When we moved offices a few years ago I salvaged some old media guides from the late 90s that might have some collectible value, like one from Tennessee with Peyton Manning on the cover, and some old NFL guides. One of these days I'll put them on eBay and maybe make some dinner money, but they've gotten relocated to another box and another corner of the house and I haven't ever gotten to it.

During bowl season, turn on a game and do the eBay thing. That's one of my holiday traditions. The farther away I've gotten from a few old jobs, the easier it's been to sell stuff. I'd rather have golf ball money than all of it collecting dust.
 
I volunteer as an archive assistant at a small-town museum. Some years back we were digitally cataloguing the museum's holdings, and I got to examine items that belonged to a 19th-century congressman. In the pile were invitations to the inaugural balls for Rutherford Hayes, Benjamin Harrison and Grover Cleveland. They were pristine, still in original envelopes.
Also among the belongings was a small notebook. Apparently the congressman took his young daughter on a tour of the nation's capital, and she recorded her observations. She noted that they visited the Washington Monument, IIRC, along with the chambers in the Capitol. And then, she wrote, "we visited the White House and had a nice chat with President Harrison." That tickled me quite a bit, that the president could find time to talk to the daughter of a not particularly prominent congressman (although he was, like Harrison, a Republican).

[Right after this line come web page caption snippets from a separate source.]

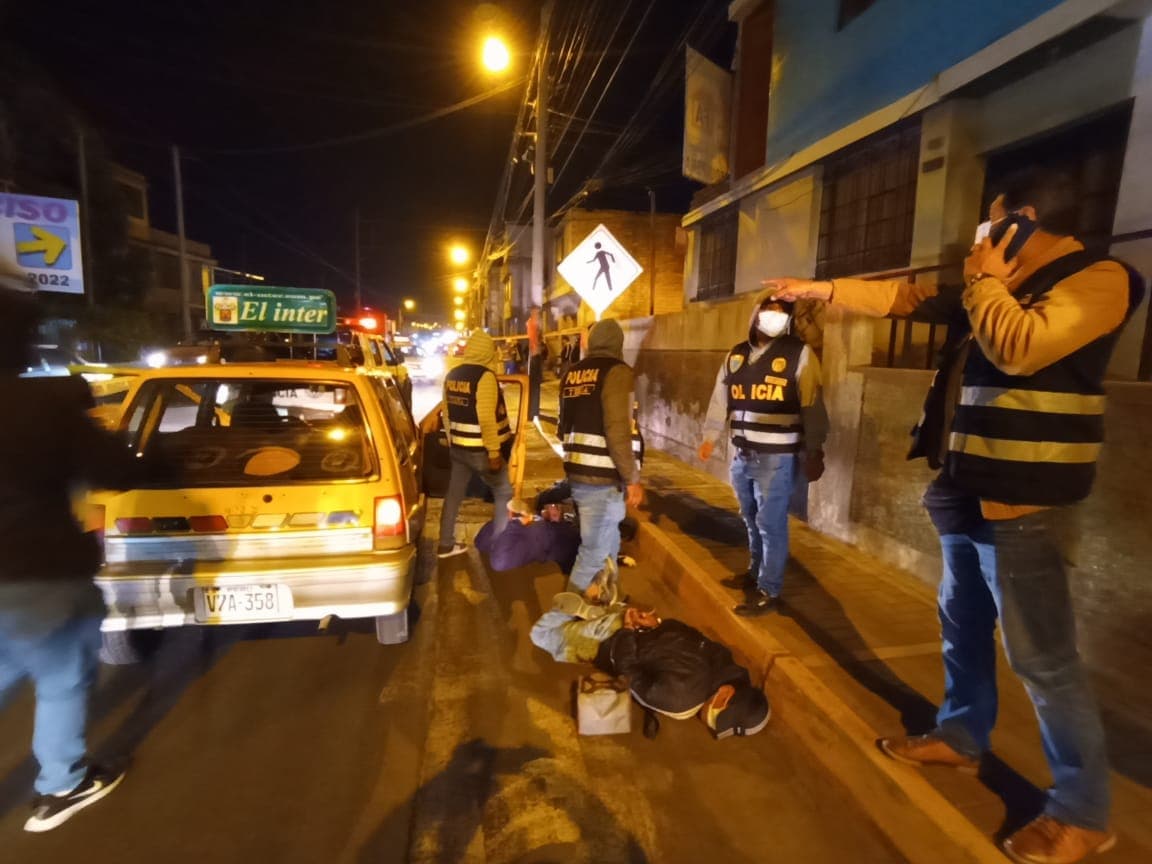 Aumenta el número de bandas y extorsionadores durante el 2022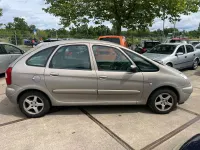 Gebraucht Citroën Xsara 116 PS (85 kW) 2003 Silber Van / Kleinbus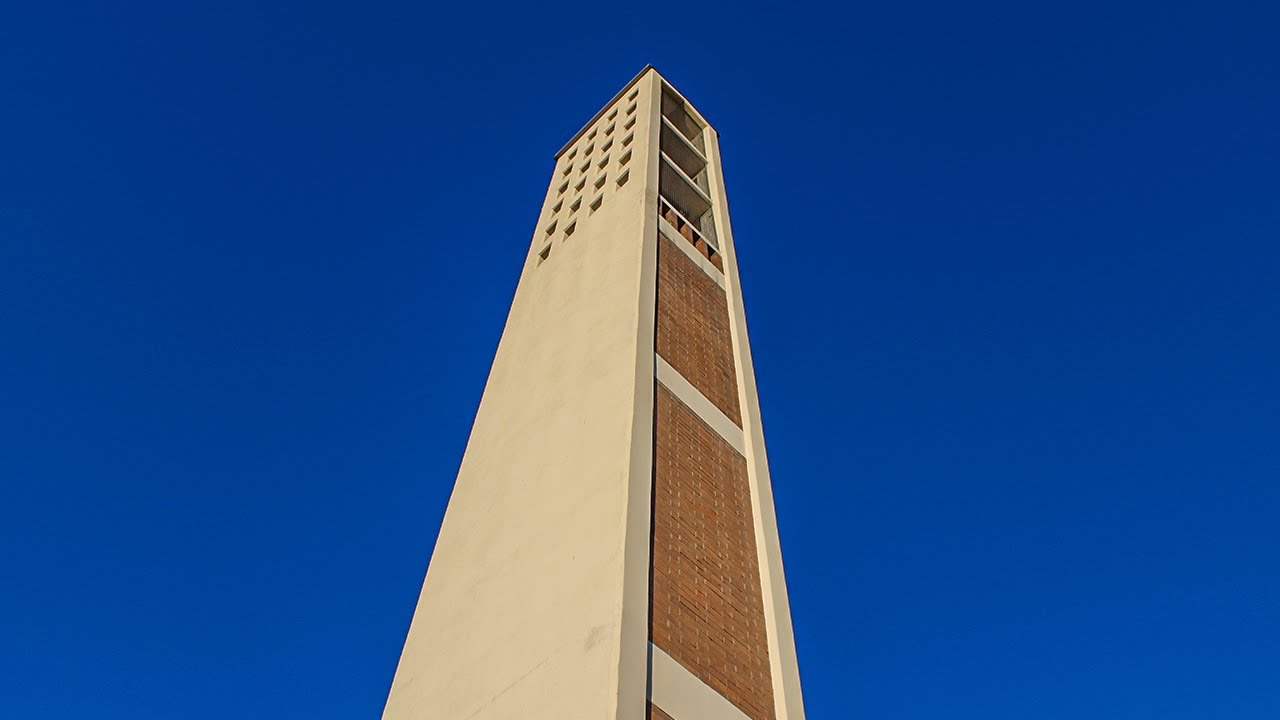 Campane della Chiesa di San Clemente in Granze di Camin (PD) - Suonata Festiva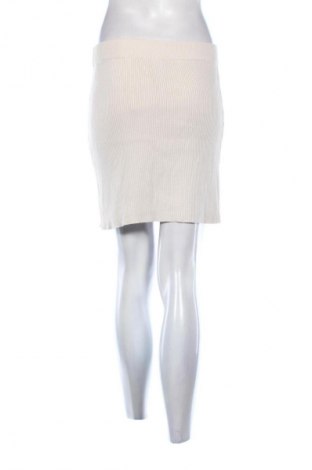 Szoknya A Lot Less x About You, Méret S, Szín Bézs, Ár 10 099 Ft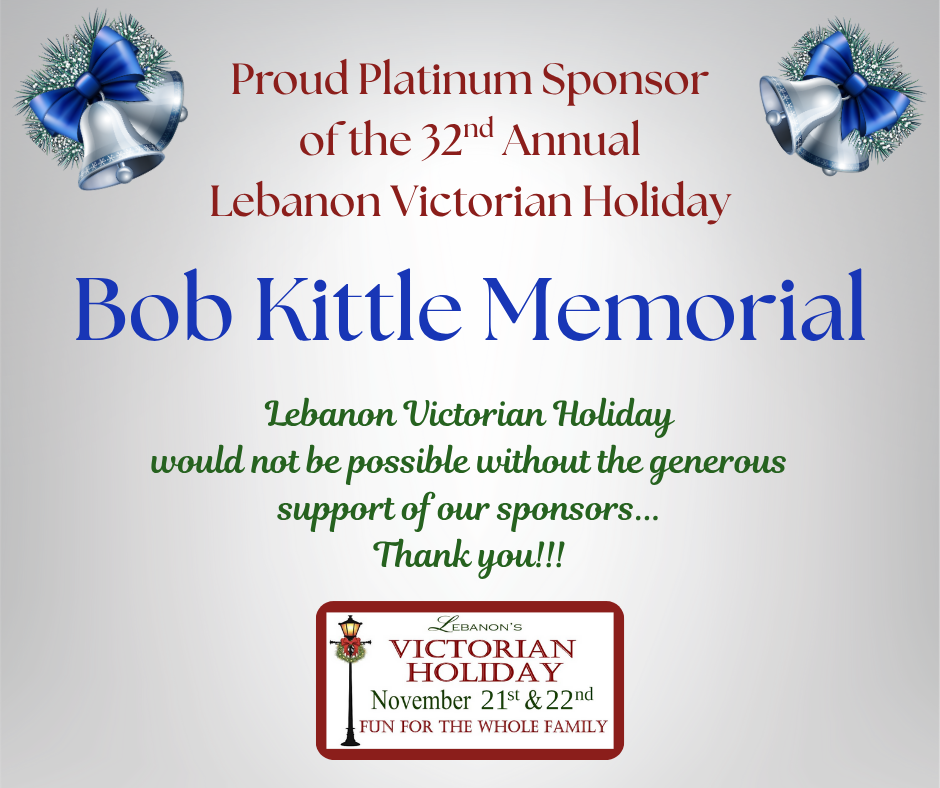 Platinum Sponsor Bob Kittle Memorial Platinum Sponsor Bob Kittle Memorial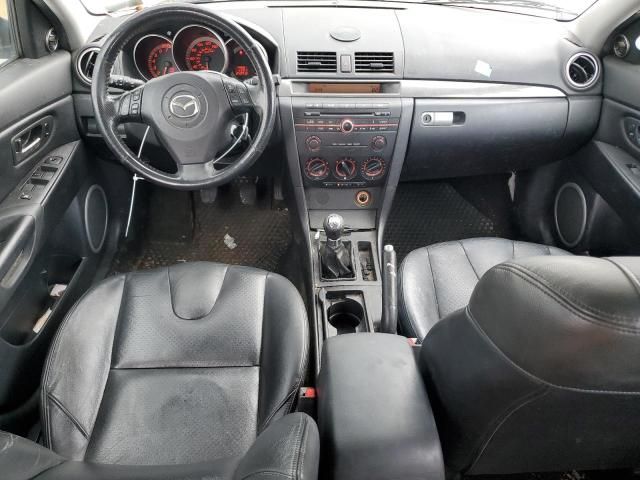 2006 Mazda 3 Hatchback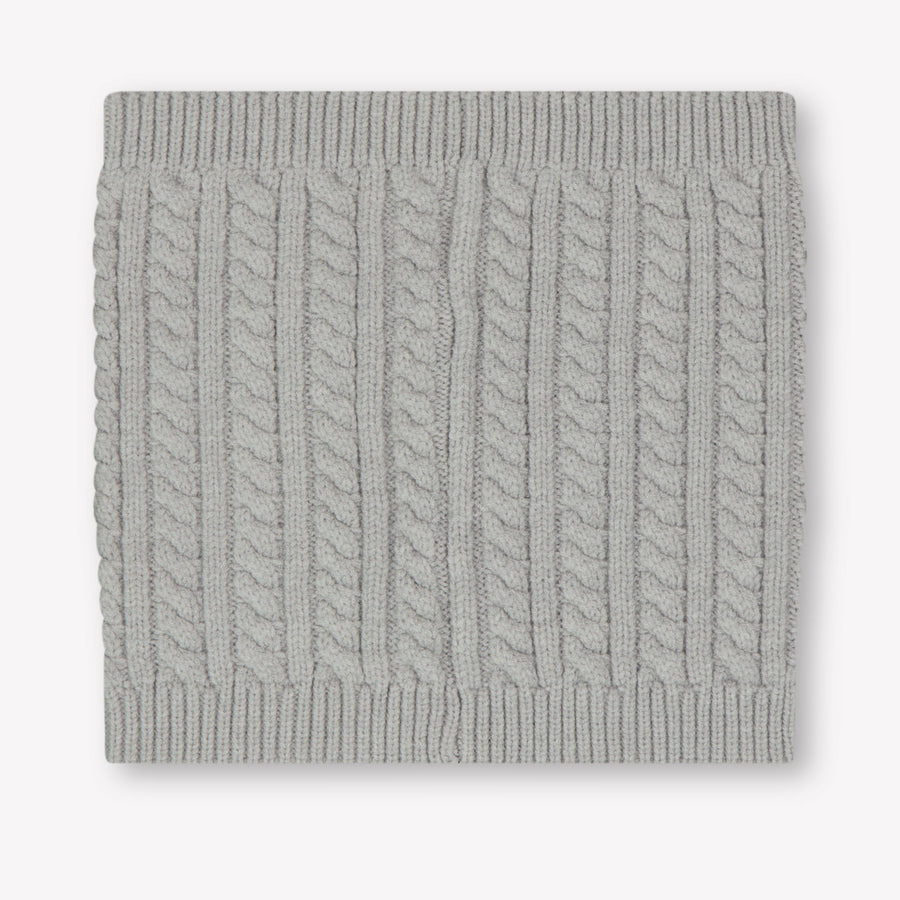 Boss Baby Boys Scarves  Gray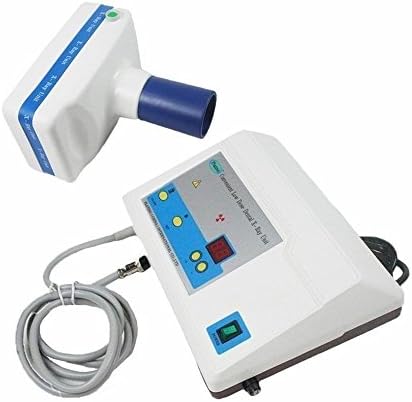First Dental X-ray Portable Mobile Film Imaging Machine Digital Low Dose System BLX-5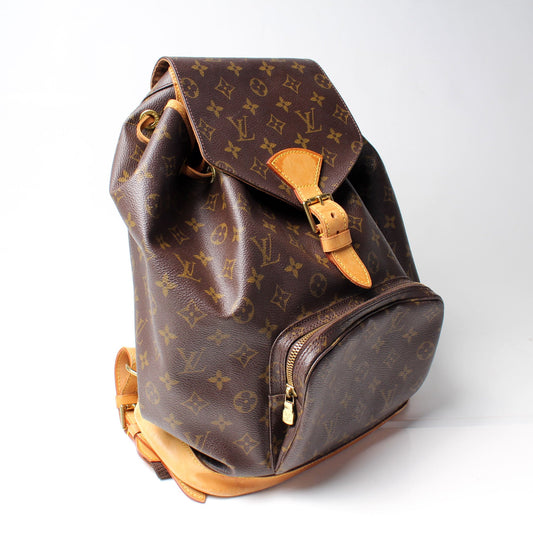 Louis Vuitton Montsouris GM Monogram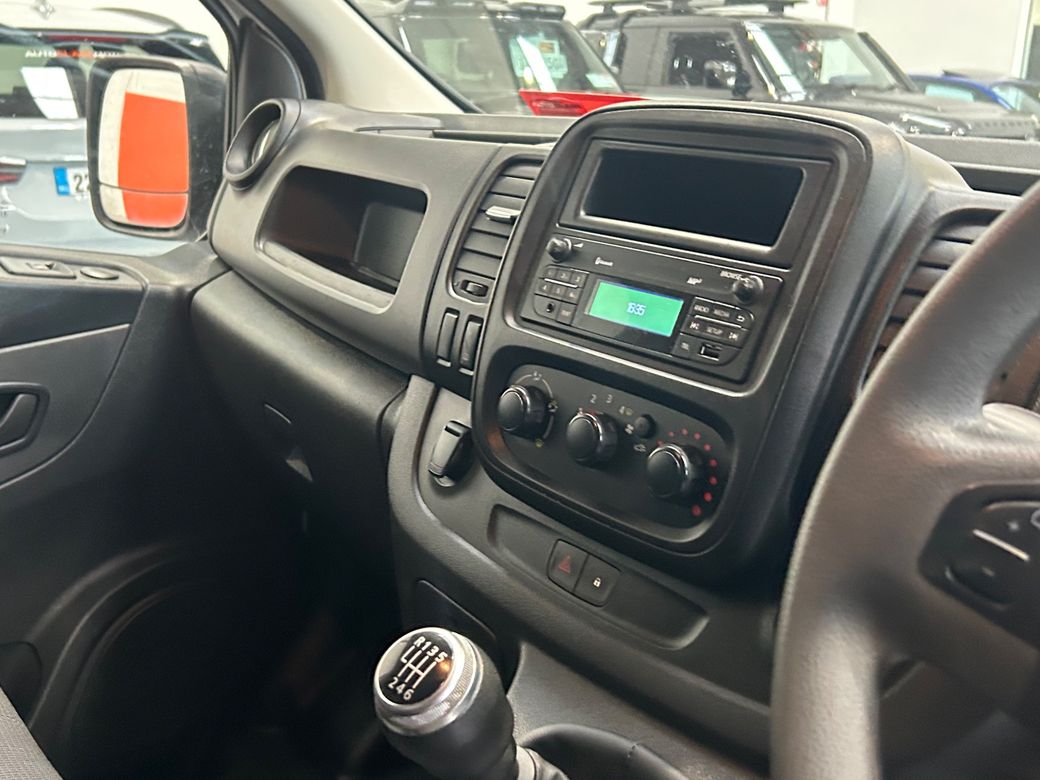 2021 Renault Trafic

“I survived the William Henry Harrison Inauguration Speech” would have been a helluva shirt to wear.
 
When we moved offices a few years ago I salvaged some old media guides from the late 90s that might have some collectible value, like one from Tennessee with Peyton Manning on the cover, and some old NFL guides. One of these days I'll put them on eBay and maybe make some dinner money, but they've gotten relocated to another box and another corner of the house and I haven't ever gotten to it.

I've got a crap ton of old NASCAR and NHRA media guides. Seems I can't even give them away.
 
I have a book of theatrical essays about Joan of Arc that belonged to Clara Hieronymus and am still trying to get my paws on a book signed by Fred Russell. A friend of mine found one, went into a bidding war on my behalf, lost, called the person who won a bunch of names, then found out they were related. Welcome to Tennessee.

In addition to that, have a signed wood chip decorated by Norris Hall and a doodle by Jerry Lawler that some wet behind the ears Philistine who had just been hired by the art department at Memphis State insisted be thrown away. Also own some jars of knapped flint from excavations of 11 to 15k year old habitation sites. They were not sufficiently diagnostic to be kept by the antiquities wonks and for some reason people are thrilled to get them. Okay, I was pretty excited when I dug them up. I'll quit trying to be too cool for the room.